その勇力、人に過ぎて常に歌絃及び相撲(俗戯なり)を好む。

勇み肌と腕力は普通のひとよりまさり、どんな時も、三線(さんしん)の弾き語りと沖縄ずもう(これは民間のあそびである)が大好きであった。

「沖縄ずもう」(ウチナジマ)は現在本土で主流となっている「江戸ずもう」と違って、帯と相撲道着を着用し、相手の背中を地面に着けしめてはじめて勝ちとなる(柔道にも似ている)格闘技である。詳しくは「シマー」「沖縄角力」などで検索、検索ぅ。

当祭遊之日、徧過遊場、作相撲戯無能敵之者、而其名大聞。

祭遊の日に当たりては、徧(ひと)えに遊場に過(いた)り、相撲戯を作すによくこれに敵する者無く、その名大いに聞こゆ。

お祭りの日になると、あちこちのお祭り広場にやってきて、すもうをとるのであるが、どこにも彼にかなう者はおらず、その名は大いに喧伝されたものであった。

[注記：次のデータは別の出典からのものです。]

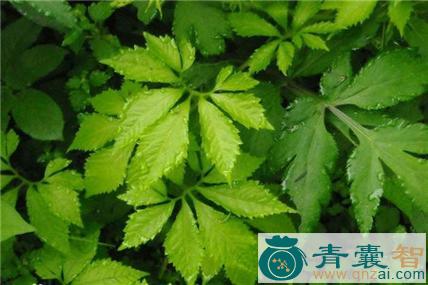 黄山五叶参的性味归经以及功效用法-青囊智
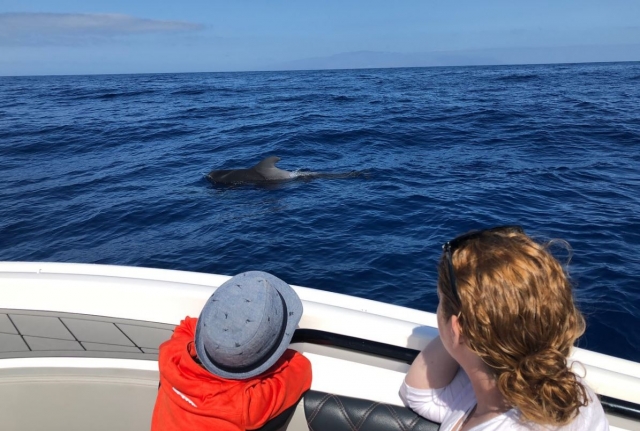 Whale watching en familia Tenerife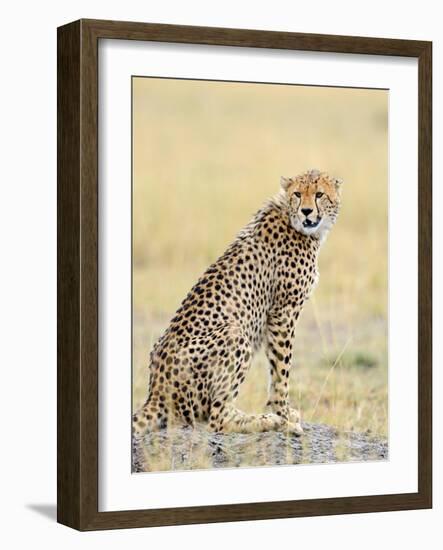 Wild African Cheetah, Beautiful Mammal Animal. Africa, Kenya-Volodymyr Burdiak-Framed Photographic Print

「遊場」はウチナーでいう「アシビナー」のことですね。

このように、五郎は有名な「お祭り男」だったんです。

やがて月日は流れ、五郎も死にました。嘉手苅の「御茶多理墓」(おちゃたいばか)というところに葬られた。

しかし

其気不散。

その気、散ぜず。

彼の生体残存エネルギー(「気」)は、すぐには散らばって海と大地に還ってしまわなかった。

それ以降、御茶多理墓のあたりでは、

或有叫聚群鬼之声、或有作相撲之喊、或有唱歌弾絃之音。

或いは叫びて群鬼を聚(あつ)むるの声有り、或いは相撲を作すの喊(さけ)び有り、或いは歌を唱い絃を弾ずるの音有り。

時には霊鬼どもに集合をかける叫び声が聞こえたり、時にはすもうをとる雄叫びが聞こえたり、時には歌をうたい、三線を弾奏する音が聞こえたりするようになったのである。

「あれは五郎さまがやっていなさるのだよ」

従此人号御茶多理五郎。

これより人号して「御茶多理五郎」とす。

そこで、ひとびとは彼のことを「おちゃたい(の墓の)五郎さま」と呼ぶようになった。

日暮天陰、則人不敢過于其墓辺、歴年久而乃止。

日暮れ天陰(くも)れば、人あえてその墓辺を過ぎざるも、歴年久しくしてすなわち止みぬ。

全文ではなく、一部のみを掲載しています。